Evolutionary Function Approximation for Reinforcement Learning

Ha, David

Evolutionary Function Approximation for Reinforcement Learning

April 8, 2015

Recently I have taken an interest in combining evolution techniques with learning. I think an interesting area of research, that not a lot of people are looking into, is to evolve neural network structures, and apply learning techniques to optimise weights. So far, all the experiments I have done is based on Darwinian evolution, where the next generation takes nothing learned in the life of the current generation of agents.

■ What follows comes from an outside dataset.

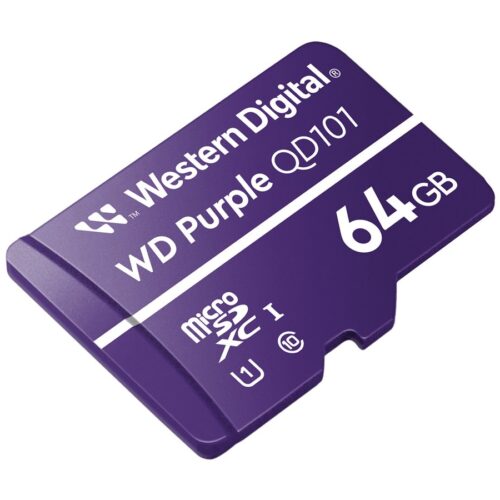 WD Purple 64Go Surveillance microSD XC Class – 10 UHS 1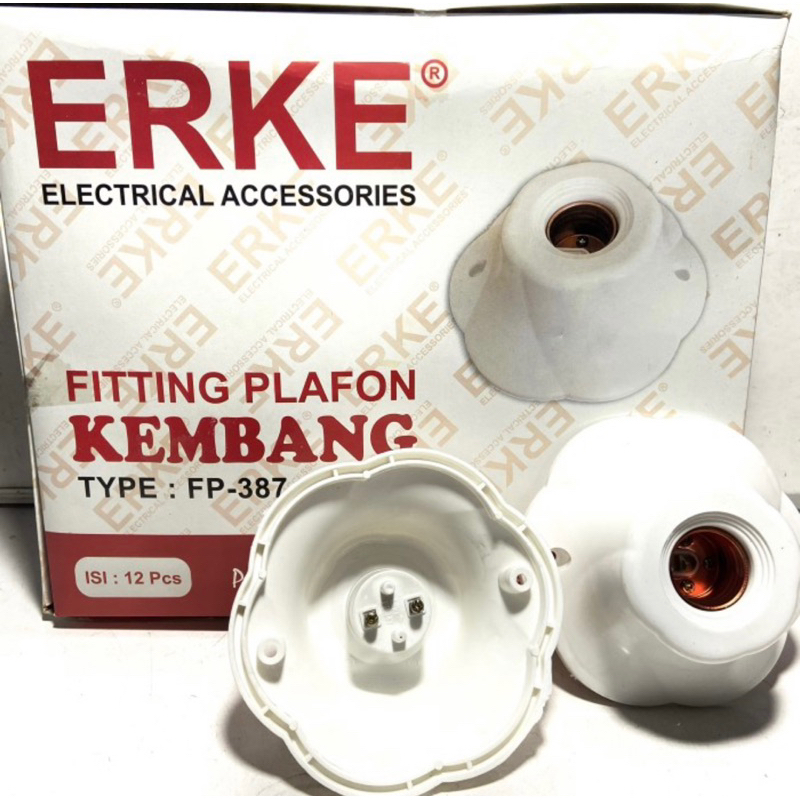 FITTING PLAVON Kembang  ERKE FP 388 FITTING PLAFON ERKE UNIK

But what if we can have the agents learn something in their lifetime to be better at their task, and share that learning, in the form of a more fine tuned weight parameters, with their offsprings?

It would be interesting to simulate Lamarckian evolution, where individual behaviour is passed onto its offsprings, or see if the Baldwin effect within darwinian evolution framework will allow agents to indirectly pass their traits to their offsprings via natural selection. Hinton has wrote about this back in 1987, where he had a toy example where agents must learn before evolving in order to find the solution. I discovered another paper, describing the possibility to use the NEAT algorithm to evolve Q value functions used in Q-learning, leading the way for agents to learn off an evolved network. I believe this may lead to more interesting results, even compared to deepmind’s atari-playing DQN, as the network structure is not hand chosen but rather evolved.